# [What you will do]
Please output the lines from the one with "Picture 5 of 11" through the end of the data exactly as written, omitting all pictures.

# [Dataset content]
====================
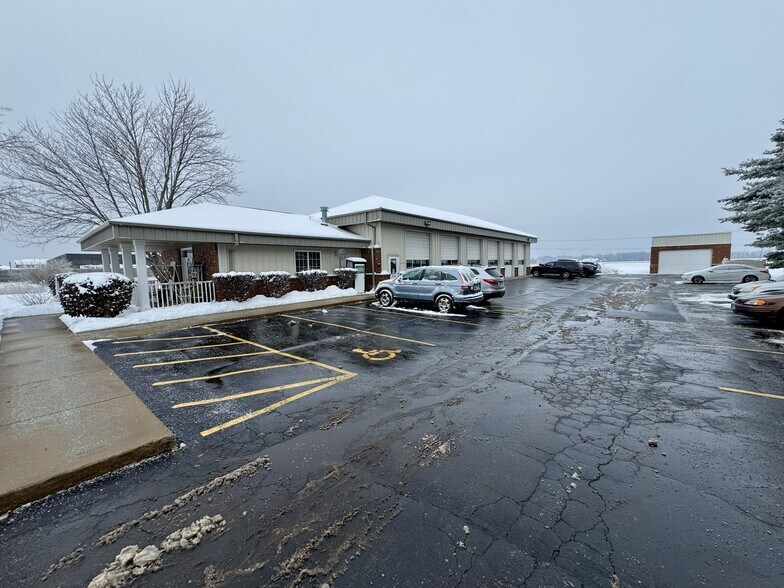 1951 Wiesbrook Rd, Oswego, IL à vendre - Photo de l’immeuble – Image 1 sur 11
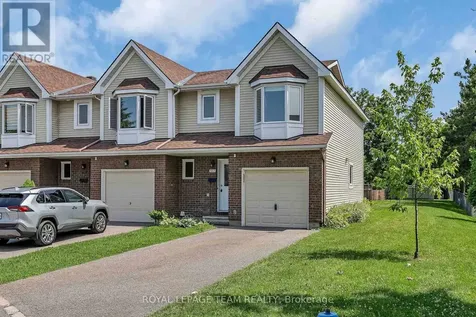 563 Parasol Court Ottawa ON K4A 2X2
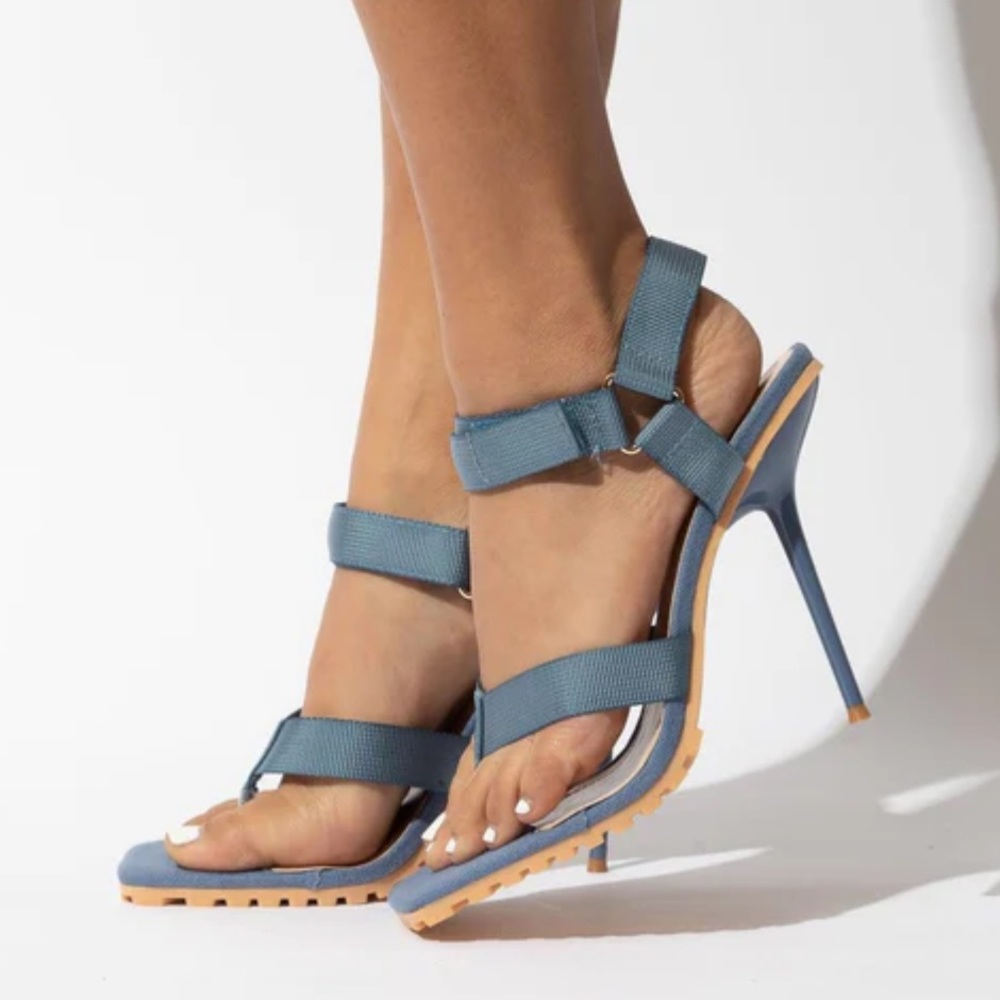 🌸 Mata Thong Stiletto Strap Sandals — NWT | 3 Colors Available! - Picture 5 of 11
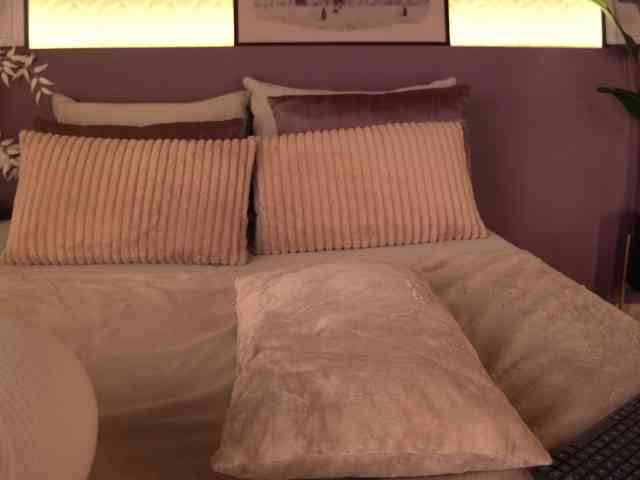 ElleDiane webcam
====================
# [Task output]
 🌸 Mata Thong Stiletto Strap Sandals — NWT | 3 Colors Available! - Picture 5 of 11
 ElleDiane webcam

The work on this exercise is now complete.